• Problem to solve: Reproduce exactly the lines from the one containing "Girls Pants 4" through the last line of the data, both ends included.
--- START ---
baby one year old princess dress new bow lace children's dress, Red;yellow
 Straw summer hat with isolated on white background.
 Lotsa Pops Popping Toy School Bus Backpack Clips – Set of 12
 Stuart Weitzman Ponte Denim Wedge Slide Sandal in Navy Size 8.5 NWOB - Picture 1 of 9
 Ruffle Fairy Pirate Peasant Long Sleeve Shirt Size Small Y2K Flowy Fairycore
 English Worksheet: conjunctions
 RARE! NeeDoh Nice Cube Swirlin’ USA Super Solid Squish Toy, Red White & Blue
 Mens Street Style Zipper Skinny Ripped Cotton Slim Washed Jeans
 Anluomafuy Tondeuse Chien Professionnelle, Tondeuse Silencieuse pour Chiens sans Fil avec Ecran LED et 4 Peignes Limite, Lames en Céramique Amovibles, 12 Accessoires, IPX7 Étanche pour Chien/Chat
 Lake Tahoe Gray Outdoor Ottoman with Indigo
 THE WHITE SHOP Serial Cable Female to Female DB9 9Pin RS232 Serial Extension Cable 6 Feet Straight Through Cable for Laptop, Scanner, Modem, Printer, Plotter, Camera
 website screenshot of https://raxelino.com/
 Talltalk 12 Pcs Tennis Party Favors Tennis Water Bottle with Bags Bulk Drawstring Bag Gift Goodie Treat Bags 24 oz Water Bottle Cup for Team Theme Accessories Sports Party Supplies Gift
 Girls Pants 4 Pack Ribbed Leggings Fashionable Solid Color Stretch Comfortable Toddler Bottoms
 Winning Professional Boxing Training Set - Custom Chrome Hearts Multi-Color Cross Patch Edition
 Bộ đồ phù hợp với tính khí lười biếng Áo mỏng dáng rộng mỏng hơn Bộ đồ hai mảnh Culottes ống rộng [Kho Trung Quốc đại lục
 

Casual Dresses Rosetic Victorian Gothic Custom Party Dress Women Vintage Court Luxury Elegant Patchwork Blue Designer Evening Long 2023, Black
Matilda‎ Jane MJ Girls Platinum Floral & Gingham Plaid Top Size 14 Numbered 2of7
--- END ---
• Result of this exercise:
 Girls Pants 4 Pack Ribbed Leggings Fashionable Solid Color Stretch Comfortable Toddler Bottoms
 Winning Professional Boxing Training Set - Custom Chrome Hearts Multi-Color Cross Patch Edition
 Bộ đồ phù hợp với tính khí lười biếng Áo mỏng dáng rộng mỏng hơn Bộ đồ hai mảnh Culottes ống rộng [Kho Trung Quốc đại lục
 

Casual Dresses Rosetic Victorian Gothic Custom Party Dress Women Vintage Court Luxury Elegant Patchwork Blue Designer Evening Long 2023, Black
Matilda‎ Jane MJ Girls Platinum Floral & Gingham Plaid Top Size 14 Numbered 2of7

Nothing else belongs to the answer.